Interview

Matt Shumer on his 50M-view AI essay: 'I originally wrote this for my parents'

Feb 11, 2026 with Matt Shumer

Key Points

  • Matt Shumer's AI essay has reached 50 million views after he wrote it to explain the technology to his parents, filling a gap between rigorous but technical analyses and accessible primers for non-technical audiences.
  • Shumer argues AI's real impact depends on deployment timelines and specific roles, not blanket disruption; junior lawyers face near-term risk while partners may thrive, forcing individuals to learn AI proficiency as a baseline skill.
  • Shumer is backing infrastructure plays like Etched and AgentRelay, betting that companies building interoperability layers between AI models will capture value as capability moves from lab to real-world scale.
Matt Shumer on his 50M-view AI essay: 'I originally wrote this for my parents'

Summary

Matt Shumer's essay on AI's trajectory has reached 50 million views. He wrote it originally to explain the moment to his parents during Super Bowl weekend after struggling to find anything that was both technically accurate and accessible to non-technical audiences. Dario Amodei's essays are rigorous but require tech fluency. Shumer aimed for something simpler: signal that something significant is happening and ask people to think about what it means for their own industry.

Shumer is careful to hedge his central claim. He doesn't argue that AI will transform every field overnight, and he acknowledges the gap between capability and real-world deployment. His father is a lawyer. AI can draft and review documents, functioning as a junior associate, but won't argue cases in court for years. In legal, partners may thrive while junior lawyers starting today face disruption. The insight is contextual. Pay attention, because the timeline matters for your specific role.

Shumer entered AI in 2019 after dropping out to build a VR startup, realizing he'd regret not pivoting immediately. The progression he's witnessed is stark. Models in 2019 couldn't write a coherent sentence. Now, he's had early access to GPT-5.3 Codex. He handed it a full spec and asked it to deploy autonomously without checking back. It did.

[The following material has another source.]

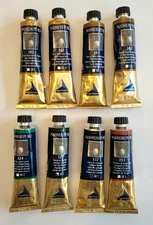 Maimeri Puro Oil Paints 8 Tubes Made in Italy 40ml New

That level of capability changes how he thinks about hiring, product strategy, and where value will accrete.

On the writing process itself, Shumer used Claude iteratively, not Codex, which he views as superior for engineering but worse for prose. He dumped years of AI research essays into the model, overlaid his own positions on what he agrees and disagrees with, spoke his thoughts aloud for an hour, and iterated for hours. Only then did he write a first draft himself, bringing the model back for critique and wording. The collaboration is back-and-forth refinement, not a one-shot prompt. Critics who dismiss it as "AI-written" miss the point. The viral reach proves the tool works as a multiplier on human judgment.

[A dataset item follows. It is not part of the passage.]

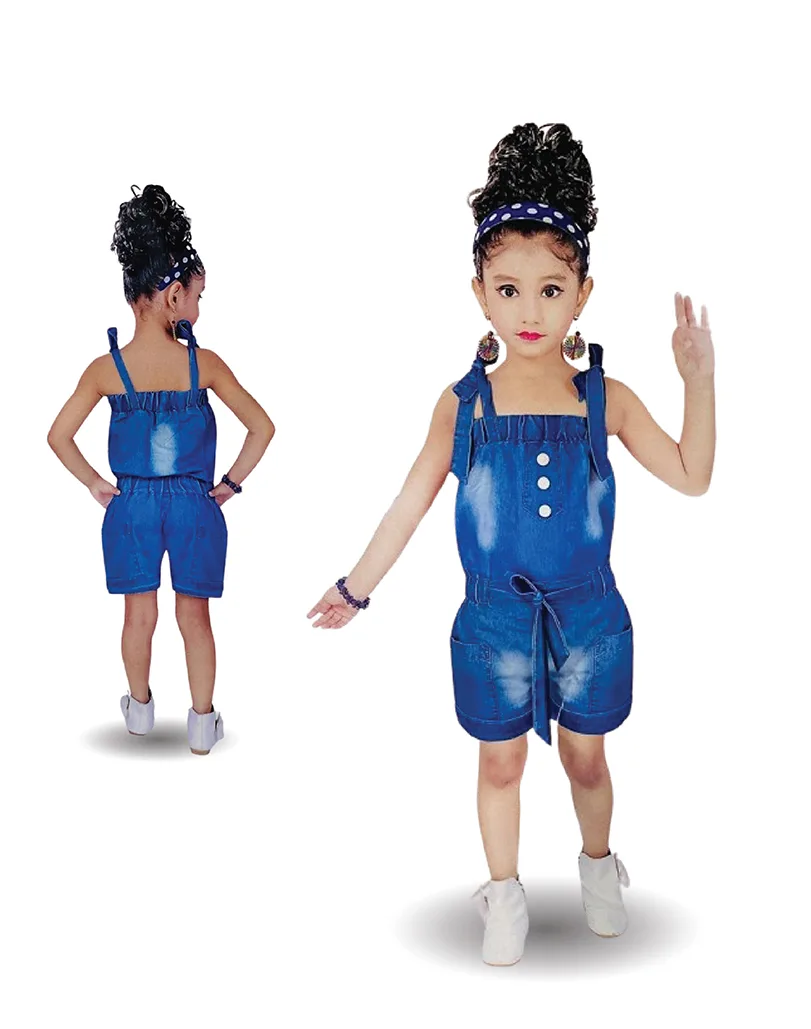 Trendy Denim Romper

For new graduates facing an uncertain job market, Shumer offers no clean answer. His advice: learn the tools, because they are the baseline now. Choose industries that will take longer to disrupt so you can entrench yourself first. Be adaptable. The principle is clear: treat AI proficiency the way you'd treat a calculator, except amplified a thousand times over.

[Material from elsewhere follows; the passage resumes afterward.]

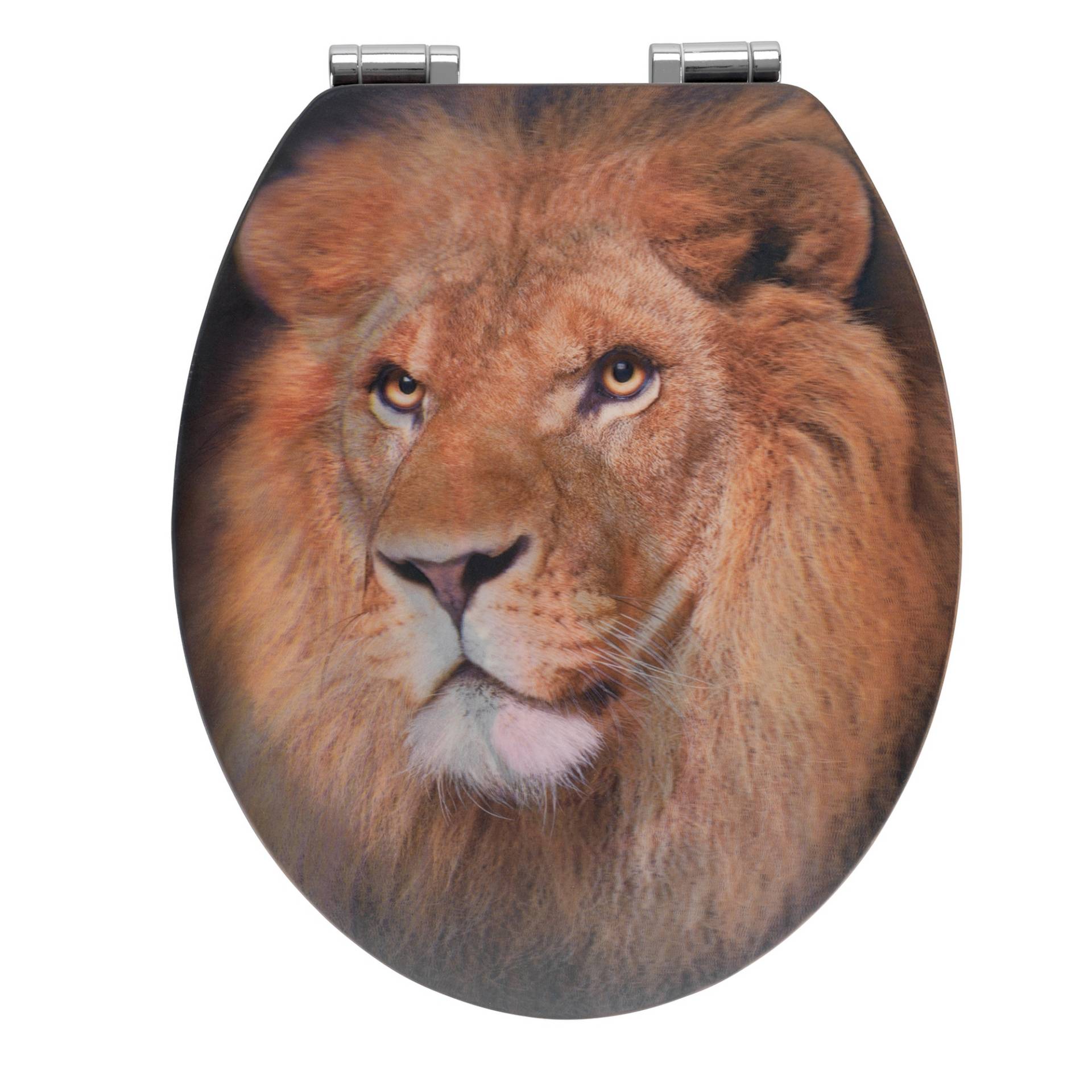 Wenko WC-Sitz 'Lion' mit Absenkautomatik Holzkern Wenko WC-Sitz 'Lion' mit Absenkautomatik Holzkern von Wenko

On his own portfolio, Shumer is backing infrastructure and interoperability plays. He's invested in chip companies like Etched and recently in what he calls "the rails"—the connective tissue that lets models communicate and break out of their boxes. Recent investments include AgentRelay and AgentMail, companies he views as critical for proliferation beyond isolated model deployments. SF Compute and Daytona fit the same thesis: tools that move AI from laboratory capability to real-world scale.